Available data Block Start

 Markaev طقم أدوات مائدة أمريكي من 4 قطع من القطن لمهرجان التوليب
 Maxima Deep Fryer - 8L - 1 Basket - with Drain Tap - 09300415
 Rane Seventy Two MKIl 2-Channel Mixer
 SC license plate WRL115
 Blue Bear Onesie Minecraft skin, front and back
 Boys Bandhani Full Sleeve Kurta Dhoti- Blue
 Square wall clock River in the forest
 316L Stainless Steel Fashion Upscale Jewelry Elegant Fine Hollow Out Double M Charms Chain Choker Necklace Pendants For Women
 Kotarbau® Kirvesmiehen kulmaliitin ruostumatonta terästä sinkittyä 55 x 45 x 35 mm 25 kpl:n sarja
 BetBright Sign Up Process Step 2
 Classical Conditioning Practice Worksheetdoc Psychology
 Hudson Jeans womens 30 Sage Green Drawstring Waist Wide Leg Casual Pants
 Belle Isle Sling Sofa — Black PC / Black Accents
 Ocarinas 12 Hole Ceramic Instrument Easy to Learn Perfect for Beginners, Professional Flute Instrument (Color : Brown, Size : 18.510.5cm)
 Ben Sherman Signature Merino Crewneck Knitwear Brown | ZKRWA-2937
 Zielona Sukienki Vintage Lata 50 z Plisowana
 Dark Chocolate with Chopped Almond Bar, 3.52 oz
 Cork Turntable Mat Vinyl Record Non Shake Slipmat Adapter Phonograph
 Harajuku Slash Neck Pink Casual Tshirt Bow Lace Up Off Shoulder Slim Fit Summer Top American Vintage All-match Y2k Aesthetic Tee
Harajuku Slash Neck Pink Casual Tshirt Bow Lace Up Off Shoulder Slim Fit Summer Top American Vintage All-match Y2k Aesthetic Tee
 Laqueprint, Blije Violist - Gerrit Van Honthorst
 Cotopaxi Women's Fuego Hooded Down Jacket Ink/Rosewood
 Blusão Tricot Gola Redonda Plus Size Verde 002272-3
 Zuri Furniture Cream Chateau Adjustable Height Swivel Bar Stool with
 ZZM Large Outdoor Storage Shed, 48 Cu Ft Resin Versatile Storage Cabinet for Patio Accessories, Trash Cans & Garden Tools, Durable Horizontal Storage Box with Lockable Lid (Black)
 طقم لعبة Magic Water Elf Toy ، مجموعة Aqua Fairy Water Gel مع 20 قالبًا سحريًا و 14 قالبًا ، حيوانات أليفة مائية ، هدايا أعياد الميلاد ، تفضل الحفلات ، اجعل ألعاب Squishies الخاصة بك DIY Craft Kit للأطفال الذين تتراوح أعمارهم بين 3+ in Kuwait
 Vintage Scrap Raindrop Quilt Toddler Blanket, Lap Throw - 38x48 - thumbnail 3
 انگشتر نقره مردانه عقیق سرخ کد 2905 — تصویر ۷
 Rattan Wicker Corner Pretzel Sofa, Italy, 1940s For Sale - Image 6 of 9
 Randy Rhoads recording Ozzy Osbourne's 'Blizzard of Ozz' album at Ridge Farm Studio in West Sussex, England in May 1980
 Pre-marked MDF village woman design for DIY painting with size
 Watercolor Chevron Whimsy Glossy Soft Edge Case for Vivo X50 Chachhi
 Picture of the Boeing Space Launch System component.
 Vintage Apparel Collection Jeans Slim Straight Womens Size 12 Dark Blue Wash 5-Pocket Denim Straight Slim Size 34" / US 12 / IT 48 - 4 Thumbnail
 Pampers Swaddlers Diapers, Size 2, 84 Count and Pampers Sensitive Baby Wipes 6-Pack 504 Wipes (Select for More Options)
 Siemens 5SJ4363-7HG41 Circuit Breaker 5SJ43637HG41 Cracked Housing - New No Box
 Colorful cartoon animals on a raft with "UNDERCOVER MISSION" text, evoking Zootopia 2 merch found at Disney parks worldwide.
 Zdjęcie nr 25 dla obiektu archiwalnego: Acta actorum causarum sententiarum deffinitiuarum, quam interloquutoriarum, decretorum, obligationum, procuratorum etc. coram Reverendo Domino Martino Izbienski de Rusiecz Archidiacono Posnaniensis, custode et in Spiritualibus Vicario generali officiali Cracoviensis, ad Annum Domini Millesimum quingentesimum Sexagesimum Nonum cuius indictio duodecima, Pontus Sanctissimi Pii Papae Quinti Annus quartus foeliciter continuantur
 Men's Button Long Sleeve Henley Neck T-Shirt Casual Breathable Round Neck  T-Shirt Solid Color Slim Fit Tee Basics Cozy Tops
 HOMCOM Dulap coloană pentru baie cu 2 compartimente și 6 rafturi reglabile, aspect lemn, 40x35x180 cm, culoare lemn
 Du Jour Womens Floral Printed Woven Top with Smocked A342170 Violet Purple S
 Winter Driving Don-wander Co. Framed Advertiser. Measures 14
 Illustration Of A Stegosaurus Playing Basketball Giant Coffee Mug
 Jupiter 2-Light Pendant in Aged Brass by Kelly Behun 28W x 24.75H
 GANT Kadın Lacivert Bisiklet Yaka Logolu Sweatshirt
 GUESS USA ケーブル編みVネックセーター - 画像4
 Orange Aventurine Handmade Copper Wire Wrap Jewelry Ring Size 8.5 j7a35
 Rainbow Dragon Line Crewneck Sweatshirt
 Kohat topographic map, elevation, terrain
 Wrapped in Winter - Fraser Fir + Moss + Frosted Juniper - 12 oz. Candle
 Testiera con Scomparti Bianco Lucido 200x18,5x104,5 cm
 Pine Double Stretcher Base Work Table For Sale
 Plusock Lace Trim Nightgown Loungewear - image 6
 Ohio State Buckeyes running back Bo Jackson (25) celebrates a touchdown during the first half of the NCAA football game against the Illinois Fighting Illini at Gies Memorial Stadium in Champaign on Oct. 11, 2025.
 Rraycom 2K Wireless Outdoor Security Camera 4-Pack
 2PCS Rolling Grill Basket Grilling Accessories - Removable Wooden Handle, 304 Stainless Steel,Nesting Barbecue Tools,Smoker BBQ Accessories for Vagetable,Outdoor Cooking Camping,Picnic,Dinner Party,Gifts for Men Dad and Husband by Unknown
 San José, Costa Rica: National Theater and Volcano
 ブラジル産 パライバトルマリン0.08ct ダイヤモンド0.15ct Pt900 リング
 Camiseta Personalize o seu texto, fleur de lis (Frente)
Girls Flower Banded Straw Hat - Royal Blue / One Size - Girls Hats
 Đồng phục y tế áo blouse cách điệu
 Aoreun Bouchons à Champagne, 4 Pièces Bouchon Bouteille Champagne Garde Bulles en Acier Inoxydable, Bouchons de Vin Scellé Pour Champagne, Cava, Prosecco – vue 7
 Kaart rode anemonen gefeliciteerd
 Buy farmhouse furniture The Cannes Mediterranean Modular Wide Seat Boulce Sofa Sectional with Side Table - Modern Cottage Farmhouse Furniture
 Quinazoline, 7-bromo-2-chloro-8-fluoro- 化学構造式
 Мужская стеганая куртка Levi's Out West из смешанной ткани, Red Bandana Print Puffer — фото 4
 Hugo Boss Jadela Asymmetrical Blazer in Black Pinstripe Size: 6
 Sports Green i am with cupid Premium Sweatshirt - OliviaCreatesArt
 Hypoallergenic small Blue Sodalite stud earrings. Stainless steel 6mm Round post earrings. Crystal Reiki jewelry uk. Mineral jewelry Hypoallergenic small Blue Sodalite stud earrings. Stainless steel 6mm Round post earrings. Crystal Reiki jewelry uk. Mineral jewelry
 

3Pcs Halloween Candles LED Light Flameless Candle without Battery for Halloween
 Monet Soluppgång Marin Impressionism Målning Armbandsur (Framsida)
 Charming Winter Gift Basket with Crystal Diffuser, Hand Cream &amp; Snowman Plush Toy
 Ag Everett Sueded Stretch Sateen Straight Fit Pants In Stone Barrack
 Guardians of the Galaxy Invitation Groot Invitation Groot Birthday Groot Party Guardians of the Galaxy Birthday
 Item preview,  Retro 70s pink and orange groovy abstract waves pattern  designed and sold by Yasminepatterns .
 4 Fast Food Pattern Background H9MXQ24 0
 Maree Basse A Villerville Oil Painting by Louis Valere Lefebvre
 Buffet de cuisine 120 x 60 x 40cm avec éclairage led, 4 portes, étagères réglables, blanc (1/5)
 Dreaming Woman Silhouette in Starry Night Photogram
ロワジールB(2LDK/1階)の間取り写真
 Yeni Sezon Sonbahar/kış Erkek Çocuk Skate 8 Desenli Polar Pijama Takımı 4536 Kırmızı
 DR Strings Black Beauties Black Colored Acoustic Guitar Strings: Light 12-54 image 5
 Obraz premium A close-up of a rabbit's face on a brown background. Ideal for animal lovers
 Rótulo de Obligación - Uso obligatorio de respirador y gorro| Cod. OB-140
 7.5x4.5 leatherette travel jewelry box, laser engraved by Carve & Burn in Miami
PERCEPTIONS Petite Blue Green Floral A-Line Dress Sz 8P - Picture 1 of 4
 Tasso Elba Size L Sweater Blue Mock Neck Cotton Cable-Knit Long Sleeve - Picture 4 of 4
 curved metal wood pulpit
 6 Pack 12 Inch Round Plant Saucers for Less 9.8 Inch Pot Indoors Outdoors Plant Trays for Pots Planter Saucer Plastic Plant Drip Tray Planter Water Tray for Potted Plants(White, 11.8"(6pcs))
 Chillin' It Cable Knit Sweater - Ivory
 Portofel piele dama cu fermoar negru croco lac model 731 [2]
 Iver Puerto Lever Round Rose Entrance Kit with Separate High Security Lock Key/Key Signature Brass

Available data Block End

Would you retype exactly the lines above, from the line with "Illustration Of A" to the line with "Ohio State Buckeyes", with both end lines kept and nothing more?

 Illustration Of A Stegosaurus Playing Basketball Giant Coffee Mug
 Jupiter 2-Light Pendant in Aged Brass by Kelly Behun 28W x 24.75H
 GANT Kadın Lacivert Bisiklet Yaka Logolu Sweatshirt
 GUESS USA ケーブル編みVネックセーター - 画像4
 Orange Aventurine Handmade Copper Wire Wrap Jewelry Ring Size 8.5 j7a35
 Rainbow Dragon Line Crewneck Sweatshirt
 Kohat topographic map, elevation, terrain
 Wrapped in Winter - Fraser Fir + Moss + Frosted Juniper - 12 oz. Candle
 Testiera con Scomparti Bianco Lucido 200x18,5x104,5 cm
 Pine Double Stretcher Base Work Table For Sale
 Plusock Lace Trim Nightgown Loungewear - image 6
 Ohio State Buckeyes running back Bo Jackson (25) celebrates a touchdown during the first half of the NCAA football game against the Illinois Fighting Illini at Gies Memorial Stadium in Champaign on Oct. 11, 2025.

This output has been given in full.